Monday, June 25, 2007

Internal Relations and Historical Materialism

Marx insisted that his dialectical method, much of which derived from Hegel, was essential to his work on social reality and history. G.A. Cohen and others have attempted to reconstruct some of Marx's key theories, including his theory of history, in entirely non-dialectical terms. Cohen's historical materialism is, by his own account, a version of technological determinism.
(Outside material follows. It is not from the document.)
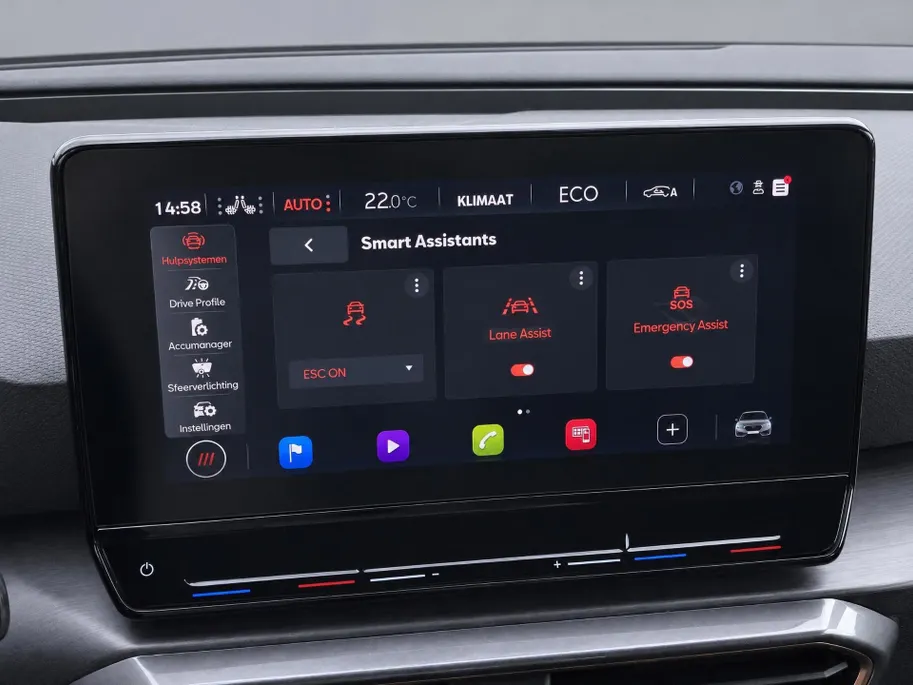CUPRA Leon 1.4TSIeHybrid 180kW/245PK PHEV VZ · Leder/Stof · Apple/Android Car Play · Stoel- & stuurverwarming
In response, some Marxists who reject technological determinism (both as an interpretation of Marx and as a substantive theory) have claimed that abandoning Marx's method necessarily results in distortions of the content of his views, and inevitably results in a picture of social reality and history that is excessively "mechanical," and obscures the "larger totalities" that constitute social reality by, as Sean Sayers puts it, "fragmenting the world into a disconnected series of atomic particulars." According to Sayers, in order to understand Marx, and in order to develop an adequate theory of history, we must employ a logic of internal relations, within which,
"concrete and particular things are always and essentially related, connected to and interacting with other things within a larger totality...this context of relations is internal and essential to the nature of things, not external and accidental."
Now Sayers may be right that analytic philosophers who employ only the logic of "external relations" in reconstructing Marxian theories miss certain important aspects of Marx's own thinking. But the language of dialectics that was used by Marx, and is used by many contemporary Marxists, is often obscure (as in the Sayers quote above), and so it is difficult to state precisely what the dialectical alternative to technological determinism is, and how the logic of internal relations is supposed to support that alternative. Furthermore, it is not entirely clear how to understand what the logic of internal relations is supposed to imply about the Marxian categories used in the construction of historical materialism, and the particulars that fall into those categories.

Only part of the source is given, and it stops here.